The impact of supply bottlenecks has in the main subsided and in many instances, the reverse has occurred. Many businesses have over-catered for their forward orders which have led to a strong rise in inventories and a marked rise in warehouse utilization rates. The risk of economic slowdown does loom which could lead to a fall in aggregate demand, which could lead to a slowdown in tenant demand. However, it should be noted that any slowdown in tenant demand would be from very high elevated levels.
Tell us about one of your most significant holdings/assets in the portfolio – and how they reflect the standards you wish to have for all your investments.
The Unite Group (UTG) is the largest provider of private purpose-built student accommodation in the UK. It owns and manages a large platform of 74,000 beds across 172 assets in the top 25 UK university cities (London, Liverpool, and Birmingham to name a few).
UTG is a leader in sustainability with a well-regarded development capability.
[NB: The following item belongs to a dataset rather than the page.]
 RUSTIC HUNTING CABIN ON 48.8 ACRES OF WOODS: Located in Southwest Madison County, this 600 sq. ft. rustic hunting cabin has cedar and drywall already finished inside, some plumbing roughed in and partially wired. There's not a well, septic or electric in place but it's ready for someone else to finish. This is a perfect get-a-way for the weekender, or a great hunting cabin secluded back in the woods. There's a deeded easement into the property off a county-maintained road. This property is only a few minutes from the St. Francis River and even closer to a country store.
As a market leader, they have high operating margins. The company has also developed a cloud-based technology platform - leading to management efficiencies and a more seamless customer experience.
The UK tertiary education system is well regarded which attracts large numbers of foreign students and contributes approximately £50 billion to the British economy every year.
UTG’s portfolio is highly occupied (+95%) with a split of 70/30 of UK versus foreign students.
As activity post-Covid normalizes and international travel returns, Unite is expecting strong EPS growth (+10% FY22 and +23% FY23). They are also increasing their dividend payout to 80%. UTG are currently in the process of delivering a record development pipeline of 6,000 beds, at a cost of nearly £1 billion. Having said this, the pipeline will add an additional 10% to EPS over the next five years. They are also well placed in a rising interest rate environment with a strong balance sheet.
How have offices and hotels done in the pandemic recovery era and how compelling are valuations today?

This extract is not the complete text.